There is certainly no excuse for the murder of Hannah Clarke and her three children by Rowan Baxter in a murder-suicide.
Nor is there any excuse for the murder of four children by Charmaine McLeod on 27 May 2019 when she deliberately drove her car into a truck, probably causing permanent mental anguish to the truck driver.
Yet these two cases, similar in so many ways, are being treated quite differently. There was a Parliamentary vigil in Canberra for Clarke and her children, but not for the four children of the grieving father James McLeod. His warnings of the likelihood of his former wife committing violence were ignored. The media reports around the time imply that she was suffering depression – as if that was an excuse for the murder – something which Bettina Arndt and Det Insp Mark Thompson were slammed on social media and elsewhere when they suggested that it is too early in the investigation to decide on the guilt of Rowan Baxter and whether he had any defence for his actions (ie: mitigating factors).
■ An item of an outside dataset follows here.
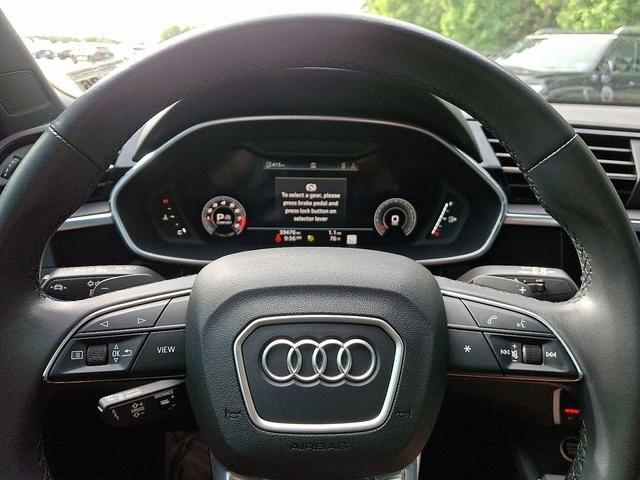 Photo of 2022 Glacier White Metallic Audi Q3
In both cases the murderers died at the scene from self-inflicted wounds. But if they had survived and faced Court on charges of murder they would presumably offer a defence or claim some extenuating factor to mitigate their guilt.
Of course there is no excuse for murder, and Thompson should have chosen his words more carefully, but the furore which his comments and those of Arndt have attracted has been rather extreme to the point that the Senate voted for Arndt to have her Order of Australia rescinded.
If we were to go through living recipients of the Order of Australia for things that they said which caused offence there would be many others that would have their order stripped.
What are politicians such as Sarah Henderson, Tim Smith and Jill Hennessy really saying? If Rowan Baxter survived his self-inflicted wounds that he should not be allowed to plead not guilty, or that he should be automatically convicted without the necessity of a trial?
Really it is time for people to calm down, and allow the Police to go after murderers and other criminals who should face the full force of the law provided it is through due process and according to time honoured principles. This social media pile on is so undignified but is typical of today’s society where competitive outrage is a national sport.